→ **Given information**
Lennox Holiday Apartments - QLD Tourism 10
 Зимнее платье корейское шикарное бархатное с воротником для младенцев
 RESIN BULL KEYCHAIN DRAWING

→ **What is needed**
Output the entire listing exactly as it appears above.

→ **Expected output**
Lennox Holiday Apartments - QLD Tourism 10
 Зимнее платье корейское шикарное бархатное с воротником для младенцев
 RESIN BULL KEYCHAIN DRAWING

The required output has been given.